Is this how the north really sees the south? Of course not: advertising deals in caricatures. But what the campaign has presumably divined, and hopes to feed from, is a gathering popular resentment at southern power. North and south may always have enjoyed a theatrical rivalry, neatly encapsulated in what the Australian writer Donald Horne called the Northern and Southern Metaphors (among other things, the north is "pragmatic, empirical, calculating, Puritan" and the south "divinely lucky, Anglican, frivolous"). For the north, the south has always had its attractions. "There grows in the North Country a certain kind of youth of whom it may be said that he is born to be a Londoner," Arnold Bennett wrote in 1898, and the same held true in the 60s when Billy Liar nearly left Yorkshire for the uncertain prospects of scriptwriting in London (very soon, he would have needed to travel no further than Salford). But even in the 1960s, those who stayed behind could feel themselves part of a society that wasn't beholden to the south. They could even feel that their industry propped up the south.

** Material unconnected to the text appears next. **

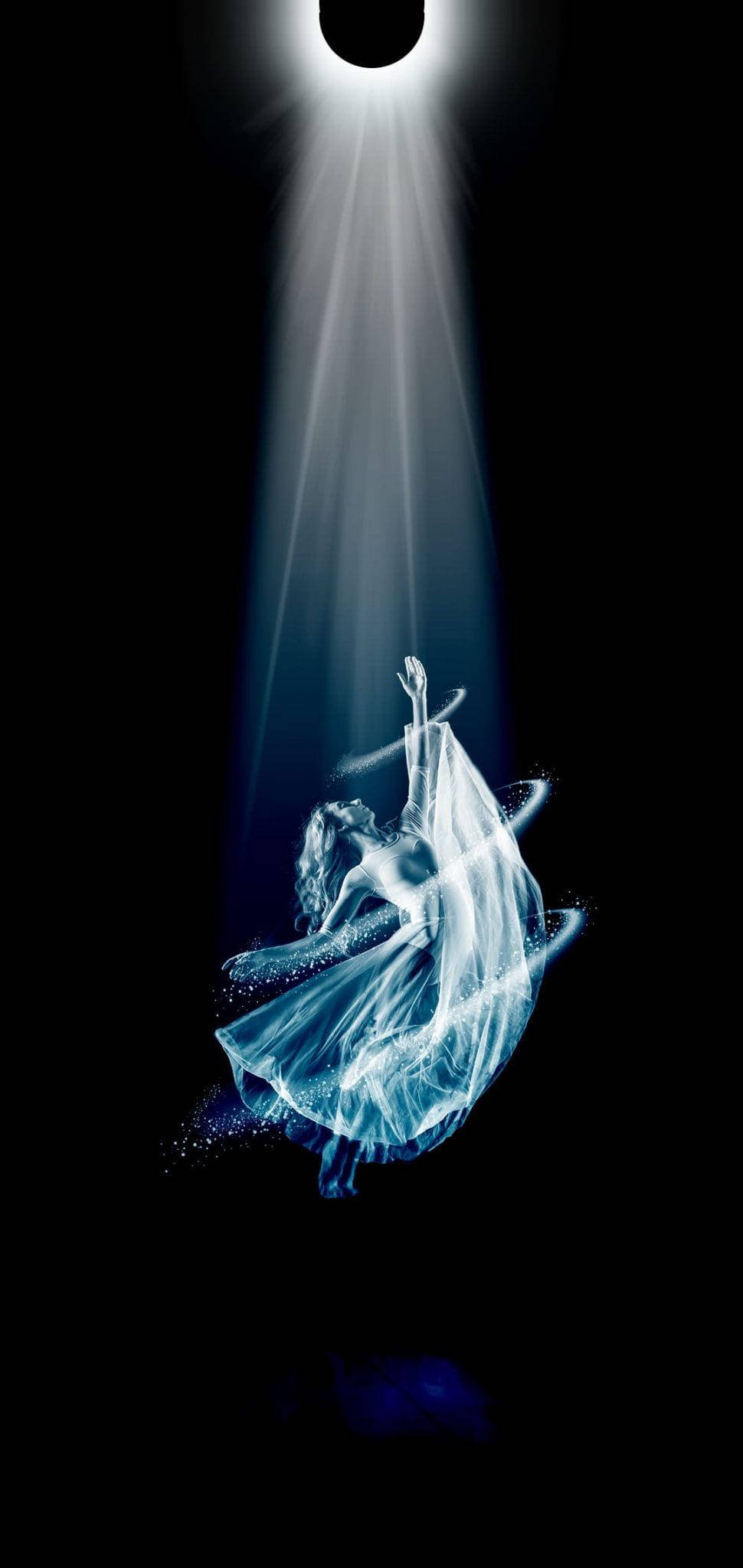 Realme 6 Punch Hole, eclipse, dancing woman, Full HD Phone Wallpaper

"Your jobs or their lawns?' speaks to a different mood, of a helplessness and discontent that has still to find a political voice. There is no regional party – perhaps the north is too amorphous for one, or perhaps that's what Labour, much against its triangulating will, is becoming.

Northern England lacks a political champion. In London, I often get into a train for Scotland. You leave a prosperous metropolis and cross David Cameron's England until Rugby. At Carlisle, people are still paying student fees, and for their false teeth.

Before Lockerbie, both are free. You are now in the country with the leader known by local satirists as El Presidente Salmondo. Between Rugby and Carlisle is the country known as "the North", a tract of worried England with no distinguished political leadership, bookended by the heartlands of Britain's two most skilful operators and optimists. El Presidente Pickles? The thought in itself shows how desperate the need.

1 comment:

  1. I have often thought that the wealth of London and the south east was built on the coal mines, mills, and steelworks of the north. The wealth was sucked back to London where most of it stuck. They were happy for those 'up north' to do all the donkey work to make their profits. However, as soon as the mills, the mines, and the steelworks closed we were of no further interest to the moneymen in the city and were cast adrift both politically and socially. When Tony Blair was elected in 1997 and filled his cabinet with MPs from the north and north-east (we all know who they were) I thought we might have a chance of a few crusts being thrown in our direction. In thirteen years what did a LABOUR government do for its natural supporters? ABSOLUTELY NOTHING. Where are our northern politicians with talent, courage, and leadership?